Joe Cornish, the great British landscape photographer, advocates taking most of your photographs no more than thirty minutes from your home. So, here's my blog featuring pictures either thirty minutes drive or walk away from my front door or from the place where I'm staying for a few days. I'll also be writing about photography in general from time to time. Please enjoy!



Monday 23 May 2011

I'm So Blad!*

The lovely people at Calumet Manchester held their spring open day a few weeks ago and I toddled over for a look and a play. Most of the major manufacturers had representatives present and I was able to get a few technical queries answered. Calumet offered free camera sensor cleaning, which was most useful for me having been in some sandy and windy places recently! There were free refreshments and a free lunch, too. 


I was glad to get the chance to have a decent look at Fuji's new X100; wow! What a lovely little camera. Small and compact, light, easy controls, fixed focal length lens and a host of nice features make this an affordable option to the Leica X1 (which I covet!). The results I saw from a preproduction version were excellent and I'd like to try one out when they are more readily available. I'm adding it to my wish list ;-)


It's not often you see Hasselblad at a trade show these days but with Calumet being a mainly professional dealer they clearly felt it was worthwhile. They built a small studio and were doing some lighting seminars and I thought I'd have a little look. I'm glad I did!


At the end of an interesting lecture the few folks present were offered the chance to experiment with the lighting and have a play with a 'Blad H4D-31. Of course, I had to have a go!


What a lovely camera; light, easy to use, controls just where you want them, clever electronics, tethered shooting, big viewfinder that was really bright and uncluttered and so much more. I fired off a few shots of Stacey, the model the Hasselblad team had brought along, and was viewing them on a MacBook Pro within seconds of taking them. I liked the focusing system on the camera very much.
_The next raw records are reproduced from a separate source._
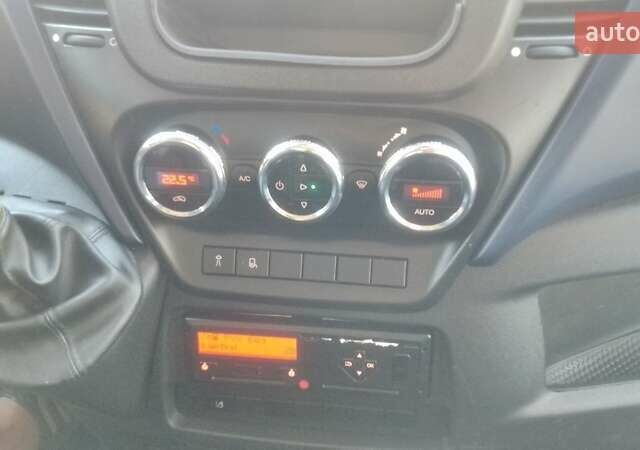 Белый Ивеко Дейли, объемом двигателя 3 л и пробегом 435 тыс. км за 28000 $, фото 7 на Automoto.ua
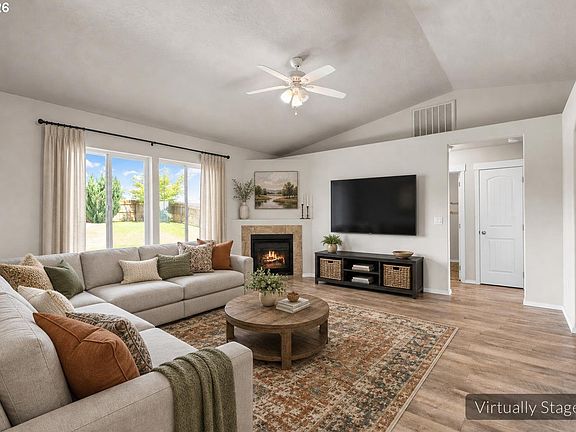 2nd image of 122 Falcon Ct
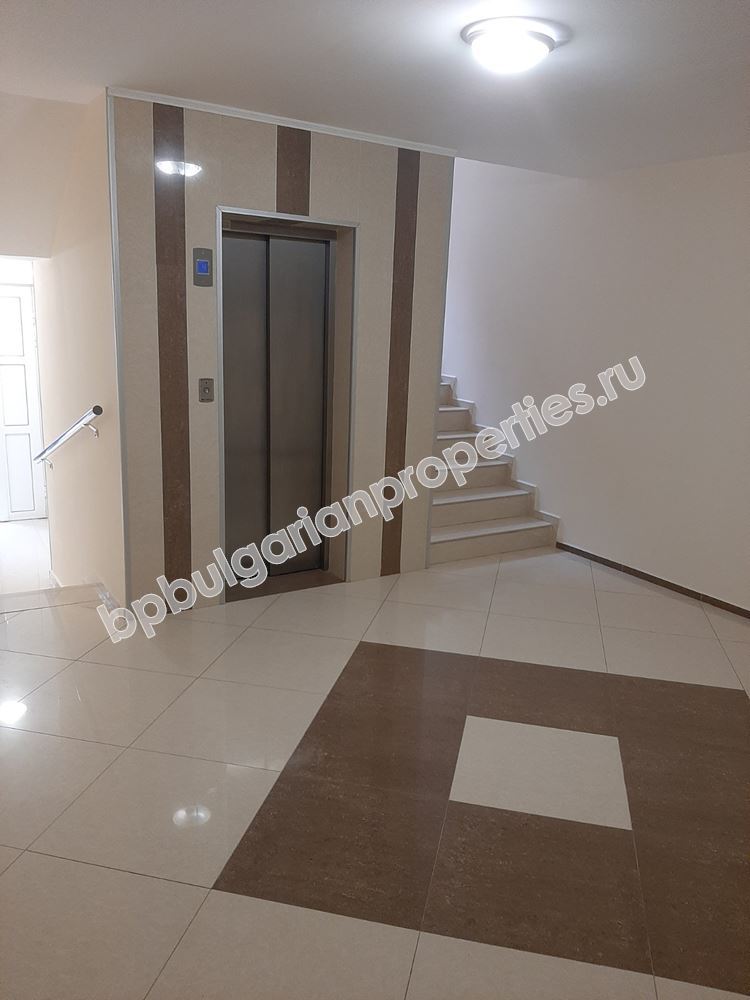 For permanent residence in the center of Pomorie. Furnished apartment 100 meters from the sea For permanent residence in the center of Pomorie. Furnished apartment 100 meters from the sea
Once locked onto a focus point (the eyes in portraiture) the picture can be recomposed without having to refocus. 


At the end of my little session the first thing I noticed was the clarity of the images. Using software designed purely for the images of one camera means that when the image is rendered every little detail is captured whereas a package like Photoshop can only guess at what some of the really fine detail captures resulting in pixellated sections at high magnification. Hasselblad's Phocus knocks Photoshop into a cocked hat and the fine detail produced by the camera wasl beautifully rendered.


I was able to bring my RAW images home (always carry a memory stick!) and I downloaded Phocus Light from Hasselblad's website to process them. Here's Stacey in one of my images...


Click the image for the bigger picture


The original RAW image was 61Mb and I've converted it to JPEG format and resized to 5x5 format, which reduced the file size to less than 1Mb; the clarity and detail is still startlingly good.


I love my Nikon and my little Leica and the quality of the images they produce. I can only dream about the quality of the pictures I might get with the H4D-31. My meagre budget won't run to one but if anyone wants to sponsor me...


Thanks to Calumet for a grand day out and a BIG thank you to the guys from Hasselblad and to Stacey for their kindness and patience - you made a camera fan very happy.


*With apologies to Cream for butchering their song title! I should have used ''Blad All Over'!